Suidas s.v. Enoiketis ton neson (trans. Suda On Line) (Byzantine Greek lexicon C10th A.D.) :
"Enoiketis ton neson (she who inhabits the islands) : Aphrodite. For she was especially honoured in them."

Suidas s.v. Zerynthia :
"Zerynthia : [Title of] Aphrodite."
[N.B. Zerynthia was the name of a sacred cave on the island of Samothrake. The goddess of the cave was usually identified as Hekate.]

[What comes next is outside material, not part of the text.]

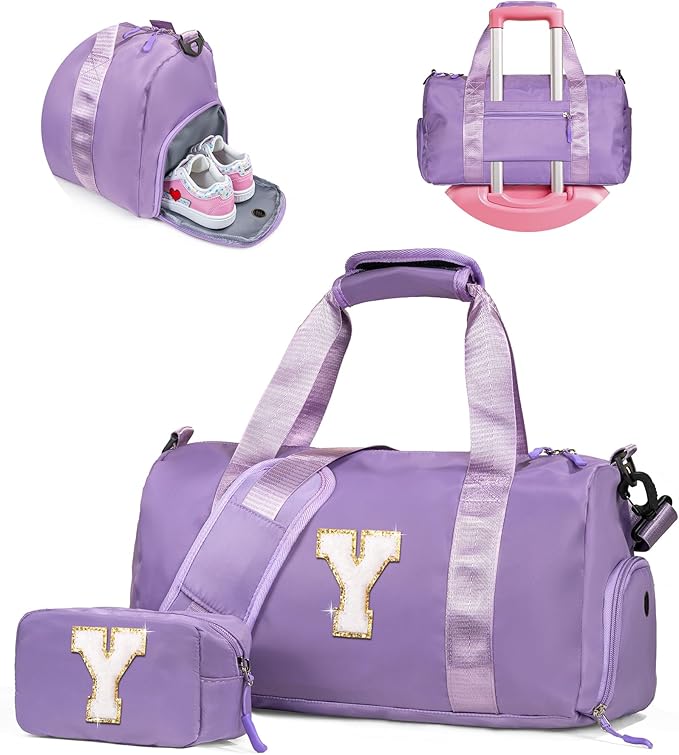 Daughter Birthday Gifts-Girl Gym Bag with Shoe Compartment, Kid Personalized Weekender Overnight Bags, Initial Travel Tote with Makeup Pouch, Graduation Gift for Girls (Letter Y)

I) DELOS Chief Town of Delos

Pausanias, Description of Greece 9. 40. 3 (trans. Jones) (Greek travelogue C2nd A.D.) :
"At Delos there is a small wooden image of Aphrodite, its right hand defaced by time, and with a square base instead of feet. I am of opinion that Ariadne got this image from Daidalos, and when she followed Theseus, took it with her from home. Bereft of Ariadne, say the Delians, Theseus dedicated the wooden image of the goddess to the Delian Apollon, lest by taking it home he should be dragged into remembering Ariadne, and so find the grief for his love ever renewed."


I) KOS Chief Town of Kos

Strabo, Geography 14. 2. 19 (trans. Jones) (Greek geographer C1st B.C. to C1st A.D.) :
"In the suburb [of the town of Kos on the island of the same name] . . . [a temple of] Aphrodite Anadyomene (Rising from the Sea) [probably connected with the story of her birth] used to be there, but it is now dedicated to the deified Caesar in Rome, Augustus thus having dedicated to his father the female founder [Aphrodite] of his family."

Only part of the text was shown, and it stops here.